En paralelo, la impulsora quiere ampliar el alcance del proyecto. Tiene conversaciones abiertas para ofrecer un taller de verano en la Fundación Sales, una institución que habitualmente acoge propuestas culturales y formativas en la ciudad. A falta de fecha cerrada, la intención es clara: llevar la iniciativa a más barrios y contextos, hacerla más visible y captar nuevas voces.
El objetivo —según la propia directora— es aumentar el número de cantantes. «Me gustaría que hubiese un poco más de voces, ya que, cuantas más haya, más texturas hay y se pueden hacer más cosas», dice. A ese propósito suman un precio contenido: los participantes abonan veinte euros al mes, una cifra que en el ecosistema cultural de Vigo permite a muchos acercarse a la práctica colectiva sin grandes barreras económicas.
Más allá del crecimiento cuantitativo, Cerrada reivindica impulsar el talento local. «Veo muchísimo talento y artistas en Vigo, pero echo en falta un impulso», apunta. Su taller actúa como semillero: ofrece herramientas, confianza y oportunidades de mostrar el trabajo públicamente, algo que en una ciudad con la tradición coral de Galicia puede complementar las agrupaciones más formales.
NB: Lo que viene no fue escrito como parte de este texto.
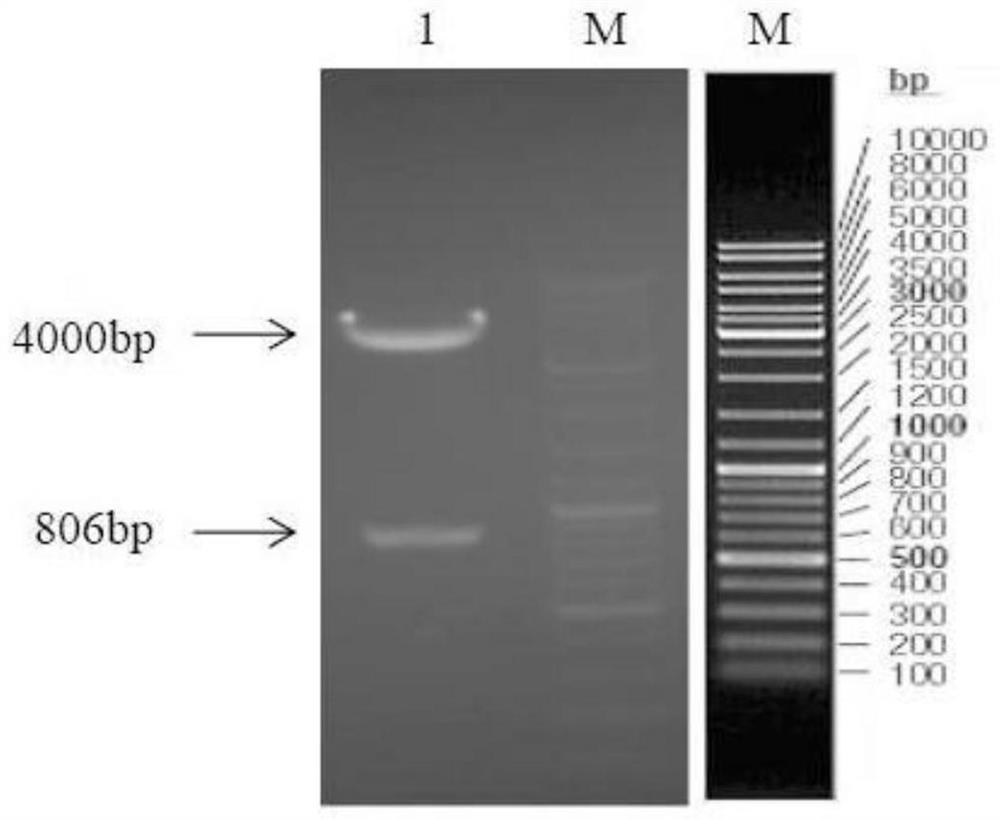 Construction and application of bovine CART gene eukaryotic overexpression vector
El proyecto, además, encaja con una demanda social creciente: actividades culturales que combinen formación, comunidad y accesibilidad. Vigo, con su estructura de barrios y su red de centros culturales, necesita ofertas que generen tejido social y atiendan a públicos diversos; propuestas como El Taller Coral demuestran que es posible hacerlo con medios modestos pero con una dirección artística clara.
La mezcla de creatividad, lengua y humor que promueve Cerrada ofrece una alternativa a la oferta convencional de coros: menos repertorio canónico y más experimentación, composiciones propias y fusiones. Para una ciudad que ha visto en los últimos años el florecer de iniciativas musicales y salas alternativas, la propuesta supone una apuesta por la participación directa frente al consumo pasivo de espectáculos.
De cara al futuro inmediato, la pregunta es si la fórmula resistirá la demanda y podrá replicarse. La experiencia muestra que el espacio físico y el coste son decisivos: disponer de locales que cedan plantas bajas o salas a bajo precio facilita la continuidad. Si la intención de la dirección y la acogida del público se mantienen, El Taller Coral podría convertirse en un modelo exportable por barrios y asociaciones culturales de Vigo.
La música colectiva, aquí, vuelve a entenderse como un acto comunitario más que como mero entretenimiento. Entre risas, ejercicios y canciones en cinco idiomas, los participantes construyen algo simple y ambicioso a la vez: una comunidad que canta. Y en una ciudad donde la cultura a menudo depende de proyectos efímeros, esa persistencia —ensayar cada martes, pagar una cuota simbólica, subirse a un escenario— adquiere un valor que va más allá de las notas.